1. Though appellant Trust Co. has enumerated four alleged errors, as we view the questions presented, the third enumeration requires first consideration. In that enumeration, Trust Co. in effect argues that the original owners were without authority or power to enter into a consent judgment with Atlanta Aluminum as to the *607property against which the lien had been placed because they (the original owners) had no interest in the property and had had no interest therein since 1974 when their security deed was foreclosed. This argument further contends that at the time of the consent judgment of March 5, 1976, not only were the original owners strangers to the property, but the true owner, Trust Co., who was then known to be the owner, was never informed of the consent judgment against its property and did not participate or consent to that judgment. Thus, the argument contends that a lien was consented to by strangers against its property without notice or hearing, a violation of statute and due process.

At first blush, this argument appears to have great merit. However, when one considers the facts in perspective, the argument loses much of its force. At the time the initial suit was filed against the original owners, Atlanta Aluminum was seeking a personal judgment against the contractor and against the twelve owners as well as a special lien against the owners’ property. At the time, it is not disputed that the trial court had jurisdiction over the persons of the defendants as well as over the res, the property. Atlanta Aluminum complied in all particulars with the lien laws; thus had the property not been conveyed, there can be no doubt that a judgment granting a special lien against the property would have been proper, whether following a jury trial or as the result of a consent judgment.

The issues pending before the court in the original suit involved the value of the work performed, the liability of the contractor, the personal liability of the owners, the quality of the work performed by the aluminum company, and the validity of the lien filed by Atlanta Aluminum.
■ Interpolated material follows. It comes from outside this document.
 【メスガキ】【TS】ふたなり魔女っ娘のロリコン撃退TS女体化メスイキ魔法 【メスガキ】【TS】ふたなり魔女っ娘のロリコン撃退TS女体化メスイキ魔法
Even though the property was conveyed by foreclosure, thus divesting the original owners of legal title to the property, there remained before the court the questions of personal liability, the counterclaim for quality of work performed, and the issue of the special lien. We will consider the effect of the consent judgment as to the resolution of the other issues in the succeeding divisions of this opinion. Now we are concerned with the power of the ex-owners to consent to a *608special lien against property they no longer owned and the power of a court to grant such a lien.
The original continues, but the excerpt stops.